In the data, find each line where the word "Chapter" appears and list that line.

------------------------------

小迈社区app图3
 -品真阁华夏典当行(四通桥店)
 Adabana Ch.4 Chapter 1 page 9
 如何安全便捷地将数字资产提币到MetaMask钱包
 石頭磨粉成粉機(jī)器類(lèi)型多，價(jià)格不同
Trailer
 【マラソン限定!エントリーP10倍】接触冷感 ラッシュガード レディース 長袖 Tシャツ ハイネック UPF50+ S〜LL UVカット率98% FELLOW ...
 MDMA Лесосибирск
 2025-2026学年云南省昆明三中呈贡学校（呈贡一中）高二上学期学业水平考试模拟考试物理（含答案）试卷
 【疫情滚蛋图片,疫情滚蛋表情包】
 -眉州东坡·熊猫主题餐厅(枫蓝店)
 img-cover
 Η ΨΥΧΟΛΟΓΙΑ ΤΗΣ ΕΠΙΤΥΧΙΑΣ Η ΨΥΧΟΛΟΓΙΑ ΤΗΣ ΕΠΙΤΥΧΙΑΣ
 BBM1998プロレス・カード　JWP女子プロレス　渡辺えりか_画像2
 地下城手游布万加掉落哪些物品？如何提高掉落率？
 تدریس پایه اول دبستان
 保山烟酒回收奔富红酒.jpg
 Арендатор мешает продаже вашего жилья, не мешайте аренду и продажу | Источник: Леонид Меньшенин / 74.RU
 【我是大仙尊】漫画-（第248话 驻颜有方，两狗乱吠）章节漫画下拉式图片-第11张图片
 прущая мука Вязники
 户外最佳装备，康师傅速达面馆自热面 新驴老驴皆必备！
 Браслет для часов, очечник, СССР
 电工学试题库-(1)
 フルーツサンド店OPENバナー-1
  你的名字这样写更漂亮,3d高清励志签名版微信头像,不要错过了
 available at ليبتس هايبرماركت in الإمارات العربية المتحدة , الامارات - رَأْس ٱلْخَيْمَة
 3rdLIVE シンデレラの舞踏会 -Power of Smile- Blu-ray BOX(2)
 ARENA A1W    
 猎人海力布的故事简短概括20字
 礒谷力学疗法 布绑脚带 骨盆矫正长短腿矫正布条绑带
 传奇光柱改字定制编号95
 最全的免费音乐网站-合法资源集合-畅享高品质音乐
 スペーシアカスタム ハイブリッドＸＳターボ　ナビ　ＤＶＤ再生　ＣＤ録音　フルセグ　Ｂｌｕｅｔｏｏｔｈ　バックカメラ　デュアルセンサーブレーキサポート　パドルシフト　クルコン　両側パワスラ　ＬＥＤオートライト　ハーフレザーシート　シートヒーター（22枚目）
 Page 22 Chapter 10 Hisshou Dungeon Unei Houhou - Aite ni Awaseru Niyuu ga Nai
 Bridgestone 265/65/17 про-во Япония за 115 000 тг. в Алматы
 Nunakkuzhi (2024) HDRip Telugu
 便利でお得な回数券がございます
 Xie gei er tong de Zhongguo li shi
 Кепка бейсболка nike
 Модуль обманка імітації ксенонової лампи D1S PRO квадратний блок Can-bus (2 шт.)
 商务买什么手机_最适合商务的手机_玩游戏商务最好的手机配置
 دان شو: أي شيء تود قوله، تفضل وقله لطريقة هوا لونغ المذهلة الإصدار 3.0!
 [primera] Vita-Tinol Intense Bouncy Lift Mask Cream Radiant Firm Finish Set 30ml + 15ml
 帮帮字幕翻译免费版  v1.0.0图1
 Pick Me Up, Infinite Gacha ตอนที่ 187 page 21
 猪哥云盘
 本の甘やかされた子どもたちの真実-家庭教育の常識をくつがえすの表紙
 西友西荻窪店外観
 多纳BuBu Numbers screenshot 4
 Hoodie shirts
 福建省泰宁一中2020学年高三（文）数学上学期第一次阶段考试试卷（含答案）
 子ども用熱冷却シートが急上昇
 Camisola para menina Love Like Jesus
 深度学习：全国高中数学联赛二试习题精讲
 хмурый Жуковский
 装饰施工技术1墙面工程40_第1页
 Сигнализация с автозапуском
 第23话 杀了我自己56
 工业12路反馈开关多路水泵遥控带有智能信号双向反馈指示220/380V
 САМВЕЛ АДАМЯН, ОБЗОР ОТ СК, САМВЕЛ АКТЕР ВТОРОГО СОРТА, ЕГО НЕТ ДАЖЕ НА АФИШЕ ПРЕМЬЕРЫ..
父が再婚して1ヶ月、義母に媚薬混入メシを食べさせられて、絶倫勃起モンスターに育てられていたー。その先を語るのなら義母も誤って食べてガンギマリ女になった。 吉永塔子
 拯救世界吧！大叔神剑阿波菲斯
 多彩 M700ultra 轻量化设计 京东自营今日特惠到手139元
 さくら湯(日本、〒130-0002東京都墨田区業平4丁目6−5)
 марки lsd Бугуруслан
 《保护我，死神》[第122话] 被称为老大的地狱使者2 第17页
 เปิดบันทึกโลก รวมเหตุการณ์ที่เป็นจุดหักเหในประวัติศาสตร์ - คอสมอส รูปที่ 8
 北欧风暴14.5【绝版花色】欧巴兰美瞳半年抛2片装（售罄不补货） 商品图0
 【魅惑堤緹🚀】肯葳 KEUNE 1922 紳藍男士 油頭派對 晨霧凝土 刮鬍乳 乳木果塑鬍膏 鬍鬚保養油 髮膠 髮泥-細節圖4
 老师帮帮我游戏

------------------------------

Solution for this problem —
 Adabana Ch.4 Chapter 1 page 9
 Page 22 Chapter 10 Hisshou Dungeon Unei Houhou - Aite ni Awaseru Niyuu ga Nai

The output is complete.